“Semua aktivitas alam merupakan kualitas yang sempurna” ~Bhagavad Gita
Dalam sebuah falsafah Jawa ada ungkapan yang dalam yakni, “Kasampurnaning Urip”. Istilah ini barangkali sudah umum kita dengar, namun kedalaman maknanya sungguh akan membantu kita dalam menjalani hidup.
Ada ungkapan, “Yen siro wis nglakoni kasampurnaning urip, siro mesti ngerti kasampurnaning pati.” Artinya: Kalau engkau sudah mengerti kesempurnaan hidup, maka engkau mesti memahami kesempurnaan kematian.
Yang sering menjadi pertanyaan. Apa kaitannya kesempurnaan hidup dengan kesempurnaan kematian?

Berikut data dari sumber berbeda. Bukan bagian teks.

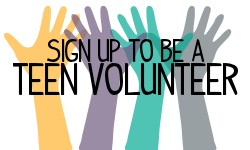 Sign up to be a volunteer graphic image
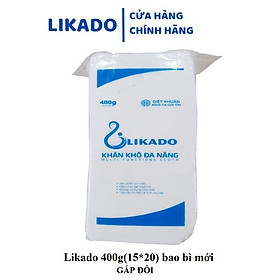 5 Bịch Khăn vải khô đa năng LIKADO 400g Mẫu Mới (15 x 20cm)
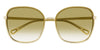 Chloe CH0031S#colour_shiny-beige-and-yellow-gradient-crystal-green-gradient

Pada umumnya orang memahami bahwa kesempurnaan itu kekal dan kematian itu tidak kekal. Akibatnya kesempurnaan hidup dianggap kontras atau berlawanan arti dengan kesempurnaan kematian. Antara hidup dan kematian, kekal dan tidak kekal, menjadi hal yang menggelisahkan dan membuat konflik yang membuat penderitaan yang berkepanjangan.
Ajaran tentang kesempurnaan hidup (Kasampurnaning Urip) bukanlah seperti itu. Ajaran ini justru memahami kesempurnaan yang juga mencakup ketidaksempurnaan.
Analogi yang sederhana adalah seperti gading. Gading itu sempurna, indah, dan berharga. Namun bukan berarti gading itu tidak retak. Karena memang seperti kata pepatah “tiada gading yang tak retak”.
Zaman modern ini tentu dengan mudahnya industri mampu membuat benda berbentuk gading bahan plastik yang sempurna tanpa retak (cacat). Namun itu tak alami dan karena tak alami maka tidaklah sempurna. Gading yang asli tetaplah jauh lebih berharga.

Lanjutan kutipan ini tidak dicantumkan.